To leverage this solution, you must meet the following requirements:

  • Have access to a DSS 9.0+ instance.

  • A python 3.6 code environment named solution_stock-alert-system with the following required packages:

html5lib
bs4
scikit-learn>=0.20,<0.21
yfinance
dash
dash_core_components
dash_bootstrap_components
dash_html_components
dash_table
tzlocal
  • Alternatively, the code environment can be imported directly as a zip file (Download here) and installed after import by selecting Update in the code env settings.

  • (Optional) If EOD is used as a source, an API key will be needed.

Installation

Once your instance has been prepared, you can install this solution in one of two ways:

  • On your Dataiku instance click + New Project > Sample Projects > Solutions > News Sentiment Stock Alert System.

  • Download the .zip project file and upload it directly to your Dataiku instance as a new project.

Data Requirements

The Dataiku flow is built using publicly available data on stock prices and the news. They are retrieved using open source libraries (yfinance for stock prices and Benzinga for news). Instead of Benzinga, EOD can be used but will require a user-specific API key. This project does not require any other data to successfully run. Customizations on what stocks and news are retrieved can be completed using the Dataiku Application. There are scenarios which can be set to run at specified time intervals in order to update the stocks prices and news automatically.

Workflow Overview

You can follow along with the sample project in the Dataiku gallery.

Dataiku screenshot of the final project Flow showing all Flow Zones.

The project has the following high level steps:

  1. Input the list of tickers and news source on which the analysis will be done with a Dataiku Application

  2. Retrieve stock prices and news into partitioned datasets

  3. Analyze the stock prices to detect anomalies

  4. Train a model to predict stock price anomalies using the news

  5. Score real time data to produce risk scores and impact rankings

  6. Visualize data using a pre-built Webapp and Dashboard insights

Walkthrough

Note

In addition to reading this document, it is recommended to read the wiki of the project before beginning in order to get a deeper technical understanding of how this solution was created, the different types of data enrichment available, longer explanations of solution specific vocabulary, and suggested future direction for the solution.

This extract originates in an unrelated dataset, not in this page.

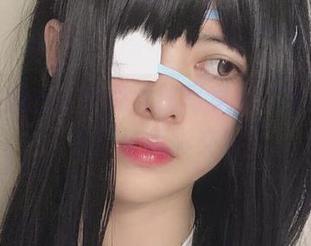 眼酱大魔王w的兔女郎写真：想象一下，光影与色彩交织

Tailor the Alert System to your interests

By default the project already contains tickers for the S&P 500 stocks. The project can be used as-is or overridden by inputting a new list of tickers to the Dataiku Application. To begin, you will need to create a new instance of the News Sentiment Stock Alert System Application. This can be done by selecting the Dataiku Application from your instance home, and click Create App Instance.

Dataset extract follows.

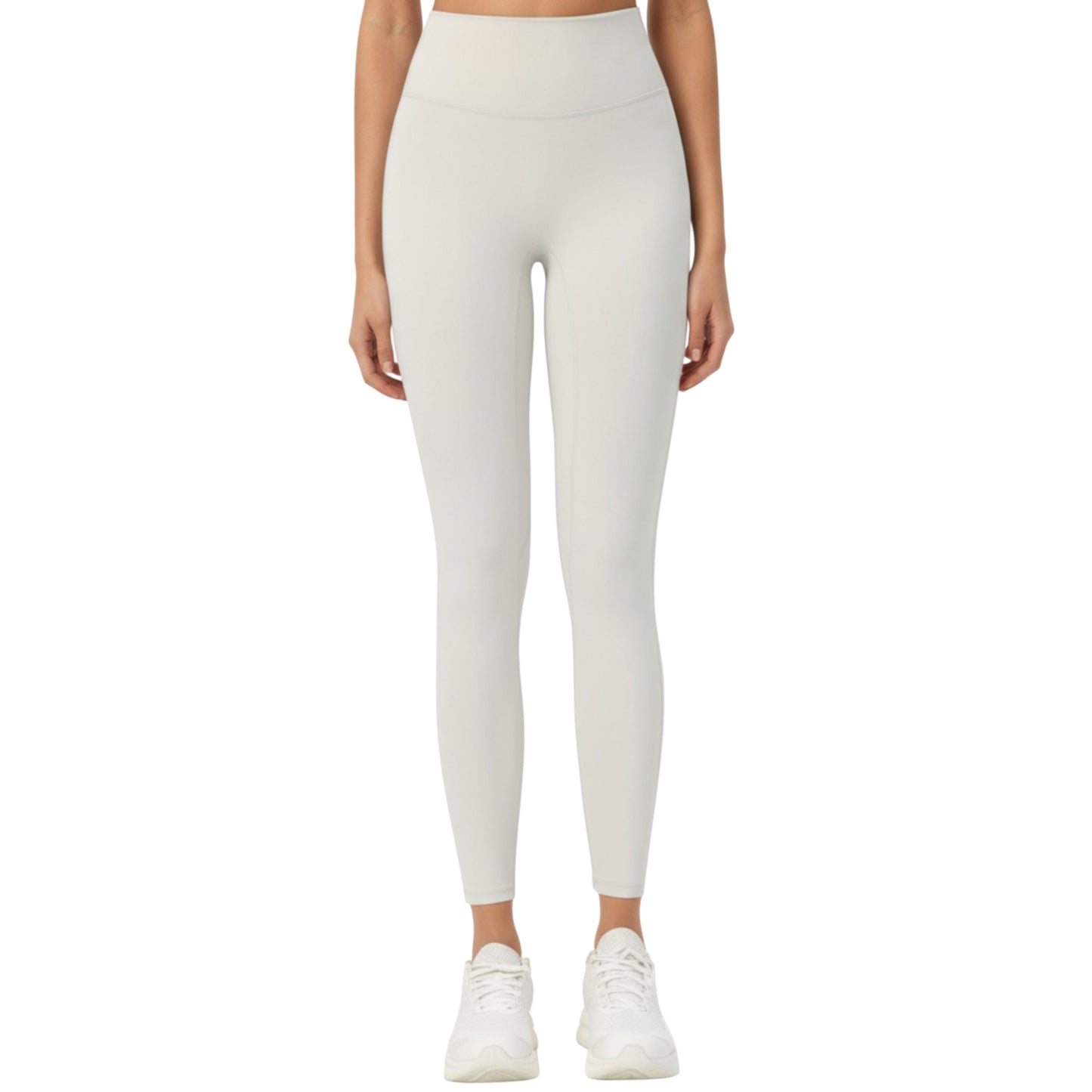 High Waist Seamless Full Length Leggings with Stretch Fit Fabric and Smooth Contour Waistband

Once the new instance has been created you can begin by (optionally) uploading a new list of tickers. The dataset should contain a first column called ticker with the ticker name (e.g. AAPL) and a second column named company with the corresponding company name (e.g. Apple Inc.). The lookback period can also be changed in this first section. The minimum lookback window that won’t degrade performance of the models is 90.

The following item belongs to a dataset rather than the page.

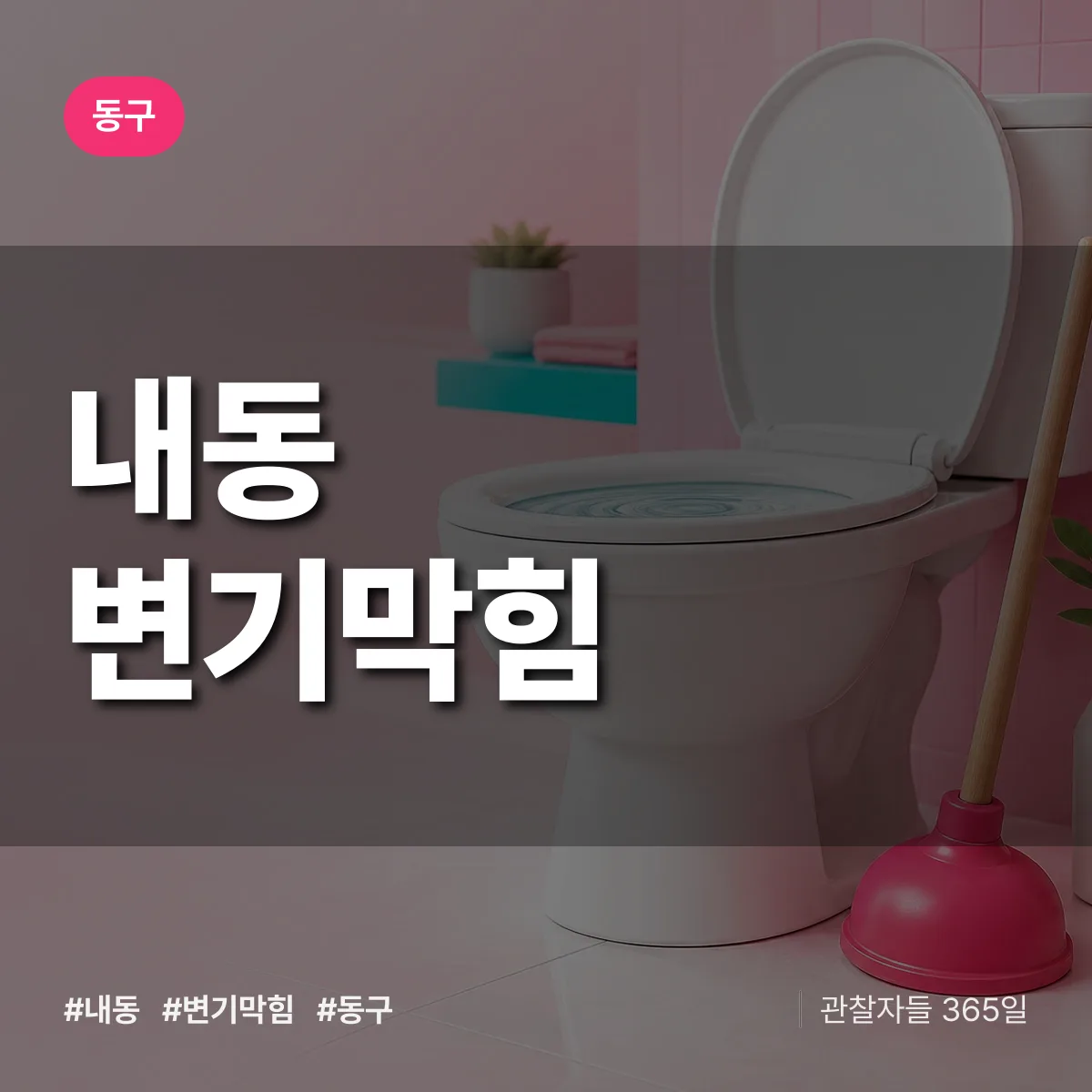 대구 동구 내동 변기막힘 배너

Dataiku screenshot of the accompanying Dataiku Application for this solution

Lastly, the source of the news data can be selected between Benzinga or EOD. Benzinga is free but limited in terms of content. As mentioned above, if using the paid EOD service, an API key will be needed. Building the project will update the flow with the new stocks data and news source.

Retrieve Stock Prices and The News

There are 4 flow zones involved in managing the incoming data of the project:

  • The Input Data zone contains the ticker_list on which analysis will be run. This can be customized using the Dataiku Application.

  • The Partitioned Input Data zone retrieves the stock prices based on the list of tickers provided. The dataset stock_prices is partitioned by date before being grouped to ensure there are no duplicates.

  • The Extra Financial Feed zone retrieves news via a python recipe which writes one file per day and stock into a folder. A second python recipe creates a flat file with relevant information before news article titles in the file are concatenated to have one line per stock and day. A prepare recipe is used to process the text.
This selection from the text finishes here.